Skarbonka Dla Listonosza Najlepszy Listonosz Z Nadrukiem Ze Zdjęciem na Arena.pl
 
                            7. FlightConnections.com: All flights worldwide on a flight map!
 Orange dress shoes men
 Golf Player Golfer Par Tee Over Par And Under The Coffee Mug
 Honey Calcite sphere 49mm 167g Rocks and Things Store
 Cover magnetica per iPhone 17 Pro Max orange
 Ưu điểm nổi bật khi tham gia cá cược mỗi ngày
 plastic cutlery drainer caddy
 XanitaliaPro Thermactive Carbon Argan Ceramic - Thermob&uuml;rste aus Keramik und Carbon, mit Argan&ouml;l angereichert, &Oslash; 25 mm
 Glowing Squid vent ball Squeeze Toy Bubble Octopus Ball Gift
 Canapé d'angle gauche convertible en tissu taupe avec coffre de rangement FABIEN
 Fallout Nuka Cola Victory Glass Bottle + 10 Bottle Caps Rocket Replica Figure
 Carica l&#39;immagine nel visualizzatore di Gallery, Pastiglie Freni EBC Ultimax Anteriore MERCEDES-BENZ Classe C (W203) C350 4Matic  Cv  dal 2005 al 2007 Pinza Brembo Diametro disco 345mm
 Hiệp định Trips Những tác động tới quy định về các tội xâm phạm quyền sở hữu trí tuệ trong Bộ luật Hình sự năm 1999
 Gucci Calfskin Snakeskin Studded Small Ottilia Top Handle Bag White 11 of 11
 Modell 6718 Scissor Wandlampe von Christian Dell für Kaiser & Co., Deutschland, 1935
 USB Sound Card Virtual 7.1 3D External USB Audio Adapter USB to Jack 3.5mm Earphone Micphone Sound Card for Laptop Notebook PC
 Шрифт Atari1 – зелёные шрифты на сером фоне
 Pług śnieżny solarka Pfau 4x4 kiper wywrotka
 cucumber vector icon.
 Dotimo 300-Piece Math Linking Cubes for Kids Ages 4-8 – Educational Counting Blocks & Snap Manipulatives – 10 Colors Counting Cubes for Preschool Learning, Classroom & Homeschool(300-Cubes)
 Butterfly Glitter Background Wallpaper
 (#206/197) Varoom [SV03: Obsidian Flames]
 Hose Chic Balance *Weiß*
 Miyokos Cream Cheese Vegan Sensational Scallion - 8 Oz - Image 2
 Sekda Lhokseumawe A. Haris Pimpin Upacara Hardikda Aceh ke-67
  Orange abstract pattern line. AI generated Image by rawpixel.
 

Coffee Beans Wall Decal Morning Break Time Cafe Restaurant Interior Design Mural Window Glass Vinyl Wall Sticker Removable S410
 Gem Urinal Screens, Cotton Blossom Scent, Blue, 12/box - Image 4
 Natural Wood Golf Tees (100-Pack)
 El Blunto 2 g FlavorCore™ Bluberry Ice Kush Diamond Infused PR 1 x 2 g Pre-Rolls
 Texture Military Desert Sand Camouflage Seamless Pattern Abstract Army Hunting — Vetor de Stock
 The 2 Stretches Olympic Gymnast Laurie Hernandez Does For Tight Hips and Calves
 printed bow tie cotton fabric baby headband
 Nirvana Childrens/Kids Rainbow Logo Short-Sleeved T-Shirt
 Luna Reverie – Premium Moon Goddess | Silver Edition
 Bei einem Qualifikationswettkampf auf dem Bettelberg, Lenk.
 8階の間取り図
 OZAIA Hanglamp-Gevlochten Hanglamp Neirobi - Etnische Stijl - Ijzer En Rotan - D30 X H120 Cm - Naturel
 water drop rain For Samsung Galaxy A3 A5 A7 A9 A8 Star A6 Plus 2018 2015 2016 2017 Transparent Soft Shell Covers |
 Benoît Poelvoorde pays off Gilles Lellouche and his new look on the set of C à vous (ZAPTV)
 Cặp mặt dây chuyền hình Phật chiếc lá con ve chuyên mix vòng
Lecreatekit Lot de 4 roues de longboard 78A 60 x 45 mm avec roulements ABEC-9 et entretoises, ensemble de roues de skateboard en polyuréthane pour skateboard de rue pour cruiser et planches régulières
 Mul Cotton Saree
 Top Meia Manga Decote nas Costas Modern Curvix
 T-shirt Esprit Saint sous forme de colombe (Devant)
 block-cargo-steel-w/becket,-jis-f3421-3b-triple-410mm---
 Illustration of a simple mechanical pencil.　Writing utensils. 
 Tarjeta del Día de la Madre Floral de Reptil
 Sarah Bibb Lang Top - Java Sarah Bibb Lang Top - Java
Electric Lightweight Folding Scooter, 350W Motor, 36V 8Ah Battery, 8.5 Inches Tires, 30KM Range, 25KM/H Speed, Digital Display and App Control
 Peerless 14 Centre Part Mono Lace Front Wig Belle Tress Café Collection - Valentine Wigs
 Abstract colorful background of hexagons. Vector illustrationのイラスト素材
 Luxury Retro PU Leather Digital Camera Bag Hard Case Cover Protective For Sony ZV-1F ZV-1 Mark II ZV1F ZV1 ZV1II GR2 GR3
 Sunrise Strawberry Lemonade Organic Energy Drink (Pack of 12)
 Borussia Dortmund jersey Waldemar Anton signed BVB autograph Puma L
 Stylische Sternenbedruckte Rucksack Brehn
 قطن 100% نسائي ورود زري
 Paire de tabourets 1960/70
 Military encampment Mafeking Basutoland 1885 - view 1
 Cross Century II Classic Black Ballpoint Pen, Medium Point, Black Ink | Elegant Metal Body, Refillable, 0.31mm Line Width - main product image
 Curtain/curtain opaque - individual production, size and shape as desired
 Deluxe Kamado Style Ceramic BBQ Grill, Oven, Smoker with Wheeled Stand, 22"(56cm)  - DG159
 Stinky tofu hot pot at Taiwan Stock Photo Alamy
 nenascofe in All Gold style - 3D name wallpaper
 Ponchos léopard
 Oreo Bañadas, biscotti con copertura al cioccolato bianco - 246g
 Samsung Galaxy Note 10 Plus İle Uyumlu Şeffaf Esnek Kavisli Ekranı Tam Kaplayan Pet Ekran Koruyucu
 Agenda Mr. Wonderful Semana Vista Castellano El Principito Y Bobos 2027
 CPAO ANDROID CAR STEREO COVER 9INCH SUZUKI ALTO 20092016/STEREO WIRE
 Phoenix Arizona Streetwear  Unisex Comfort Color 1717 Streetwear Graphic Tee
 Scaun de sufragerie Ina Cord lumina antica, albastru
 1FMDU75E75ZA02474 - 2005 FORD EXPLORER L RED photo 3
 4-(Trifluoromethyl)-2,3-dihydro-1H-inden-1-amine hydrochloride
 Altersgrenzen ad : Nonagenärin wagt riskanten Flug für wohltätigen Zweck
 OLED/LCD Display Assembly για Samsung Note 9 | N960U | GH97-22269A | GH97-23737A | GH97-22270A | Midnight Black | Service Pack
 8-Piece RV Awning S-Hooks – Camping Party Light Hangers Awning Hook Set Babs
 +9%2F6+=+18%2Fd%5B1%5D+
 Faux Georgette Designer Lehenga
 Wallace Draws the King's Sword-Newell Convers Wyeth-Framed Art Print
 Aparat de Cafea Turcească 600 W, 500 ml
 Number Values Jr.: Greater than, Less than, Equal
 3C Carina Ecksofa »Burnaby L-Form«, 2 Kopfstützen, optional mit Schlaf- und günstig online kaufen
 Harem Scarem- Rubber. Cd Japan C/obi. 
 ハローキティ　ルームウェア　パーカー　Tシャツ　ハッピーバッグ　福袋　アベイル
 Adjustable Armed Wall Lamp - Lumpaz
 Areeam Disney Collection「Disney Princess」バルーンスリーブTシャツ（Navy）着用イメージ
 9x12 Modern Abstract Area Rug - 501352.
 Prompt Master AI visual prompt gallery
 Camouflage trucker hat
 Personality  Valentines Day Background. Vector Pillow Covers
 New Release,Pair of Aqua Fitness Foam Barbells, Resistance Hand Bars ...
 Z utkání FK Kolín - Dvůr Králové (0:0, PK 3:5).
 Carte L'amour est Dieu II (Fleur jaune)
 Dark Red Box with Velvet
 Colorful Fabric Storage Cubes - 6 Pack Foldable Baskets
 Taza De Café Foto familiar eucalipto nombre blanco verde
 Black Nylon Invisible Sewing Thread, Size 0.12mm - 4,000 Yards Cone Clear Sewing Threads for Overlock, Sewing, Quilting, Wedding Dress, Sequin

• Work to complete:
Working from the data above, extract solely the lines from the one containing "Agenda Mr. Wonderful" through the one containing "Dark Red Box with Velvet", exactly as they appear, both included.

• Solution:
 Agenda Mr. Wonderful Semana Vista Castellano El Principito Y Bobos 2027
 CPAO ANDROID CAR STEREO COVER 9INCH SUZUKI ALTO 20092016/STEREO WIRE
 Phoenix Arizona Streetwear  Unisex Comfort Color 1717 Streetwear Graphic Tee
 Scaun de sufragerie Ina Cord lumina antica, albastru
 1FMDU75E75ZA02474 - 2005 FORD EXPLORER L RED photo 3
 4-(Trifluoromethyl)-2,3-dihydro-1H-inden-1-amine hydrochloride
 Altersgrenzen ad : Nonagenärin wagt riskanten Flug für wohltätigen Zweck
 OLED/LCD Display Assembly για Samsung Note 9 | N960U | GH97-22269A | GH97-23737A | GH97-22270A | Midnight Black | Service Pack
 8-Piece RV Awning S-Hooks – Camping Party Light Hangers Awning Hook Set Babs
 +9%2F6+=+18%2Fd%5B1%5D+
 Faux Georgette Designer Lehenga
 Wallace Draws the King's Sword-Newell Convers Wyeth-Framed Art Print
 Aparat de Cafea Turcească 600 W, 500 ml
 Number Values Jr.: Greater than, Less than, Equal
 3C Carina Ecksofa »Burnaby L-Form«, 2 Kopfstützen, optional mit Schlaf- und günstig online kaufen
 Harem Scarem- Rubber. Cd Japan C/obi. 
 ハローキティ　ルームウェア　パーカー　Tシャツ　ハッピーバッグ　福袋　アベイル
 Adjustable Armed Wall Lamp - Lumpaz
 Areeam Disney Collection「Disney Princess」バルーンスリーブTシャツ（Navy）着用イメージ
 9x12 Modern Abstract Area Rug - 501352.
 Prompt Master AI visual prompt gallery
 Camouflage trucker hat
 Personality  Valentines Day Background. Vector Pillow Covers
 New Release,Pair of Aqua Fitness Foam Barbells, Resistance Hand Bars ...
 Z utkání FK Kolín - Dvůr Králové (0:0, PK 3:5).
 Carte L'amour est Dieu II (Fleur jaune)
 Dark Red Box with Velvet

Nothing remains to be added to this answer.